*** Supplied records ***

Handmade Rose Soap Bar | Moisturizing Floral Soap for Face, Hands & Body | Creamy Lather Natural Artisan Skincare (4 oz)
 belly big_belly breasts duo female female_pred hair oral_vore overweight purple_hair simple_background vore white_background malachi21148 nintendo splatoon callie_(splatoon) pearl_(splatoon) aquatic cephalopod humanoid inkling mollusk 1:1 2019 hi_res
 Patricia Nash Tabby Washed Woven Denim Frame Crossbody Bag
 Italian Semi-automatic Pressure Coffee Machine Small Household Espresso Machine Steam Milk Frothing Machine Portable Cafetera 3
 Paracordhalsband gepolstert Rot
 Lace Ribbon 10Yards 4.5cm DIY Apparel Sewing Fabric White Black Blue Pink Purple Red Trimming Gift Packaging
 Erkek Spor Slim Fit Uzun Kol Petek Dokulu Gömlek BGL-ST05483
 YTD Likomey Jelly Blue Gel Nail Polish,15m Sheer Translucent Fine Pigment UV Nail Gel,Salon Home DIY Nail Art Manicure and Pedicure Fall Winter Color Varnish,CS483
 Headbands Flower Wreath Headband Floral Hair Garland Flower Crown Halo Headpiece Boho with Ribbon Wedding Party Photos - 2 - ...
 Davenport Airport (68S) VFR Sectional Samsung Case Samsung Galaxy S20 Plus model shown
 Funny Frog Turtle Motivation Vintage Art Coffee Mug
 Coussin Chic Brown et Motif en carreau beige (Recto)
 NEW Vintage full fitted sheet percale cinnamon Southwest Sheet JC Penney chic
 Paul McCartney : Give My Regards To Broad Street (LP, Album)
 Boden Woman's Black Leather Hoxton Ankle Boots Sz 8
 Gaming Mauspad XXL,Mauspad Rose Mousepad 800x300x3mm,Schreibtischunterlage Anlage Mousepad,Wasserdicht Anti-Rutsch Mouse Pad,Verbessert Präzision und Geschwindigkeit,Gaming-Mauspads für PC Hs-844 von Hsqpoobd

*** End of Supplied records ***

**The problem**
Please copy, word for word, every line from the first line of the records through the line containing "Funny Frog Turtle", with both of those lines included and nothing else.

**Task result**
Handmade Rose Soap Bar | Moisturizing Floral Soap for Face, Hands & Body | Creamy Lather Natural Artisan Skincare (4 oz)
 belly big_belly breasts duo female female_pred hair oral_vore overweight purple_hair simple_background vore white_background malachi21148 nintendo splatoon callie_(splatoon) pearl_(splatoon) aquatic cephalopod humanoid inkling mollusk 1:1 2019 hi_res
 Patricia Nash Tabby Washed Woven Denim Frame Crossbody Bag
 Italian Semi-automatic Pressure Coffee Machine Small Household Espresso Machine Steam Milk Frothing Machine Portable Cafetera 3
 Paracordhalsband gepolstert Rot
 Lace Ribbon 10Yards 4.5cm DIY Apparel Sewing Fabric White Black Blue Pink Purple Red Trimming Gift Packaging
 Erkek Spor Slim Fit Uzun Kol Petek Dokulu Gömlek BGL-ST05483
 YTD Likomey Jelly Blue Gel Nail Polish,15m Sheer Translucent Fine Pigment UV Nail Gel,Salon Home DIY Nail Art Manicure and Pedicure Fall Winter Color Varnish,CS483
 Headbands Flower Wreath Headband Floral Hair Garland Flower Crown Halo Headpiece Boho with Ribbon Wedding Party Photos - 2 - ...
 Davenport Airport (68S) VFR Sectional Samsung Case Samsung Galaxy S20 Plus model shown
 Funny Frog Turtle Motivation Vintage Art Coffee Mug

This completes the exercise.